Redazione Prima Pagina Castelvetrano
Redazione Prima Pagina Castelvetrano
26 Agosto 2021 08:35
Agricoltura e non solo: Olive Arabe da podio

Otto mercati rappresentano circa l'81% delle importazioni di oli di oliva e oli extra vergini di oliva nel mondo: gli Stati Uniti con il 36%, l'Unione Europea con il 15%, il Brasile con l'8%, il Giappone con il 7%, il Canada con il 5%, la Cina con il 4%, l'Australia con il 3% e la Russia con il 3%.

L'olio italiano si sa essere tra i migliori, non subisce deodorazione e la produzione risulta insufficiente tant'è che forti sono le importazioni. Ora con la mania dei parchi solari, ovviamente le superfici agricole destinate all'olivicoltura sono destinate a diminuire. In Italia diminuiscono mentre in altri paesi le aumentano. E' ad appannaggio dell'Arabia Saudita l'uliveto più grande al mondo, dell'azienda, nata nel 1990, Al Jouf Agricultural Development Company.

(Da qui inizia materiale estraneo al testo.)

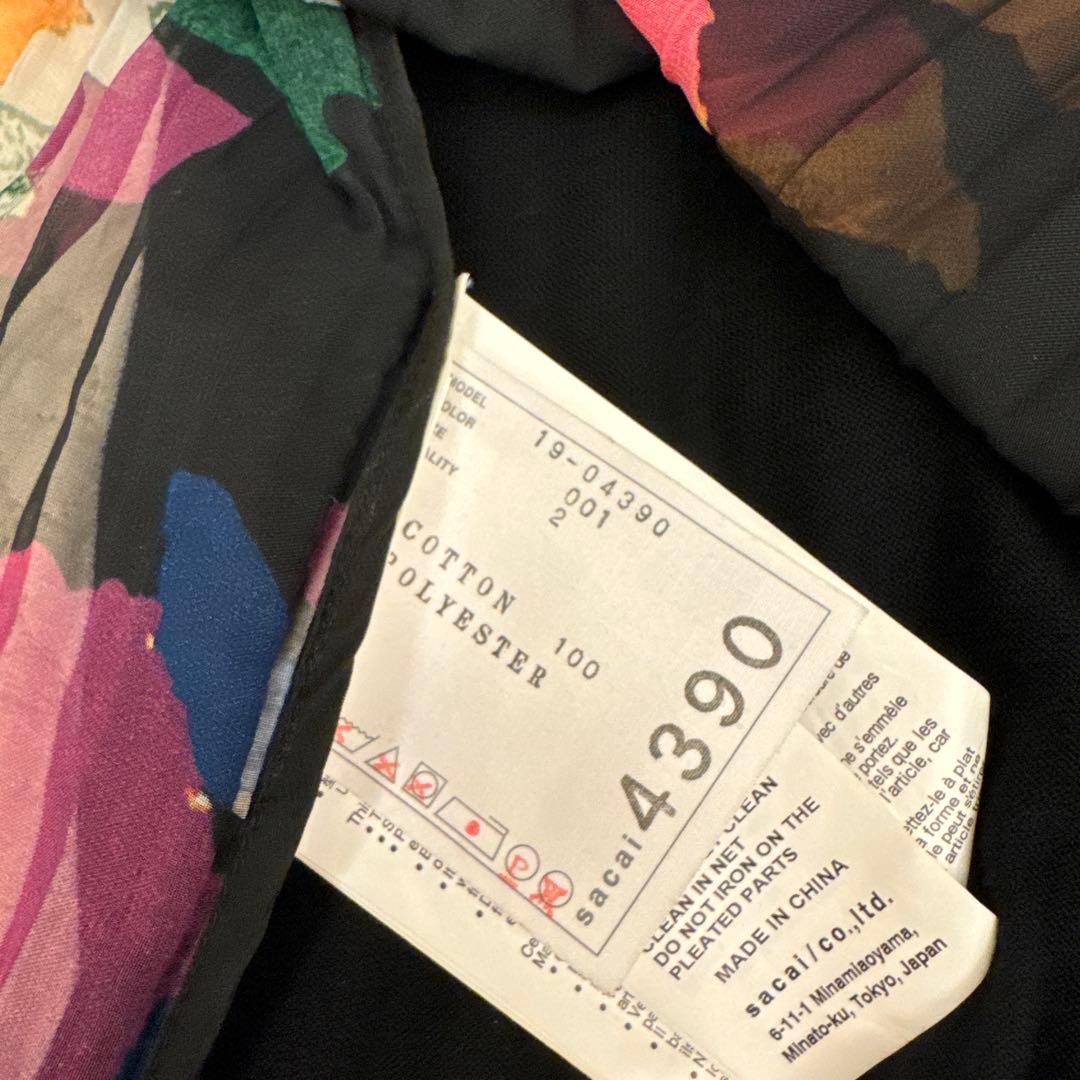 【新品】sacai異素材ドッキングトップス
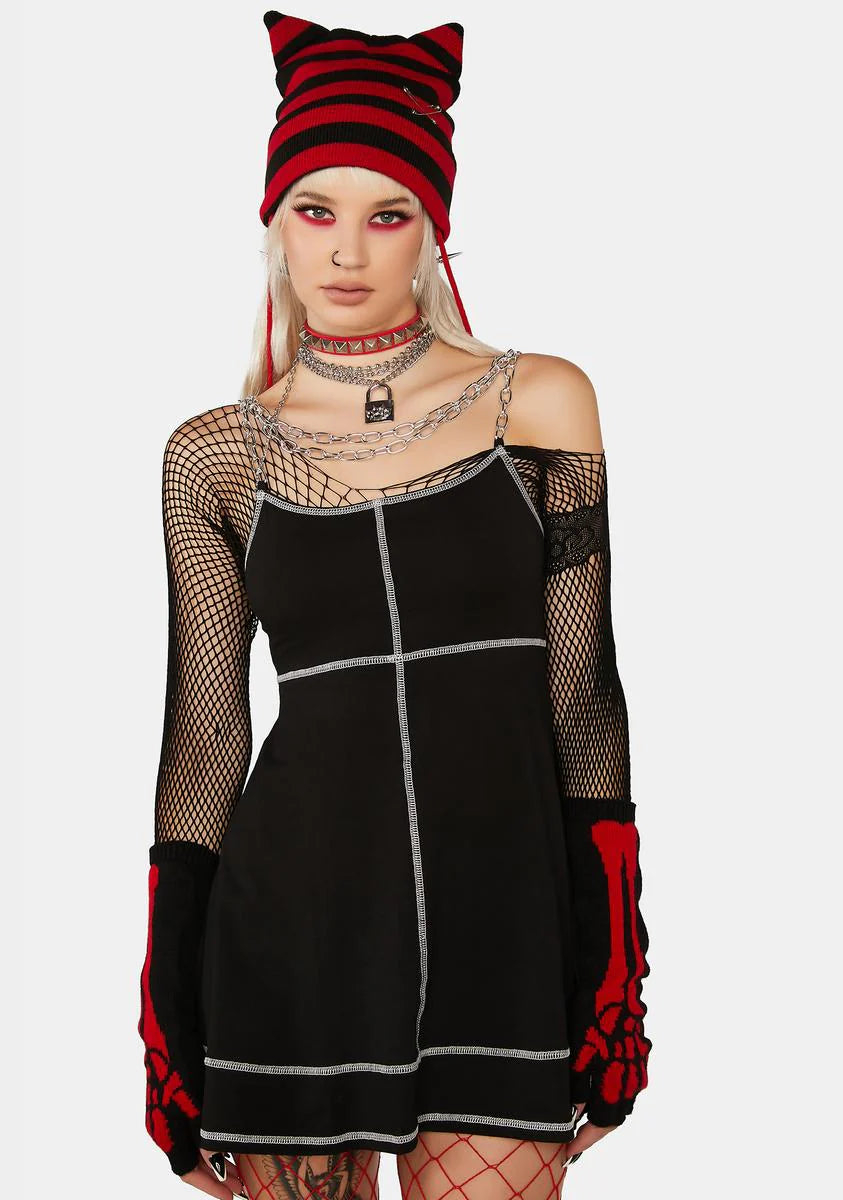 House Of Pain Chain Mini Dress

Con oltre 5 milioni di ulivi su un’area di 7.335 ettari, produce circa 4mila tonnellate di olio d’oliva all’anno. Numerose le varietà presenti, quasi tutte spagnole: Picual in particolare, ma anche Arbequina e Arbosana. E non mancano quelle greche (Koroneiki). Nessuna cultivar italiana (per fortuna dobbiamo dire). La Al Jouf Agricultural Development Company da lavoro a 1.200 persone, è considerata pioniera nella coltivazione, per la produzione intensiva e l’uso di moderne tecniche sostenibili come l’irrigazione a goccia.

L'Azienda Al Jouf è in continua evoluzione: sta introducendo la produzione di olive da mensa e prodotti per la cura del corpo. Si è dotata di un frantoio che riesce a lavorare 240 tonnellate di olive al giorno. Arabia Saudita, quindi, non solo deserto ma sempre più coltivazioni di ulivi. Si è arrivati ad avere una media di 1.600 ulivi per ettaro tramite le nuove tecniche di coltura intensiva. L'Arabia punta sul fronte olivicolo ad avere l'autosufficienza entro 2030 ed al contempo evitare la desertificazione, difendere l'ambiente con aumento delle entrate economiche.

E l'Italia sta a guardare. In Italia, in talune regioni, si pensa ai parchi solari. Lo si fa per raggiungere l'autonomia energetica o poi alla fine sono sempre le grandi aziende a guadagnarci. Chiedo: "Una volta esauriti i pannelli solari come saranno smaltiti?".

Se avessimo un Ministero dell'Agricoltura Italiano forte e deciso a far valer le qualità del nostro Settore Primario non ci ritroveremmo invasi da merce straniera spesso di pessima qualità. Si aiutano spesso e solo le grandi aziende agricole senza tener conto dei piccoli e piccolissimi imprenditori che in genere offrono un prodotto migliore (non avendo soldi da spendere per ingenti sostanze chimiche atte a prevenire le malattie degli ulivi). A ogni piccolo olivicoltore le informazioni date dai vari enti sono praticamente nulle. Ho assistito ad un webinar sull'olivicoltura: 2h ho resistito, dopodichè ho chiuso perché è stato tempo solo di frasi fatte, di eventuali aiuti ad aziende di determinate dimensioni, di partecipazioni monetarie. Unica cosa condivisibile l'aiuto ai giovani agricoltori, ma chi non è "più giovane" secondo i criteri previsti? Come si suol dire si attacca al tram?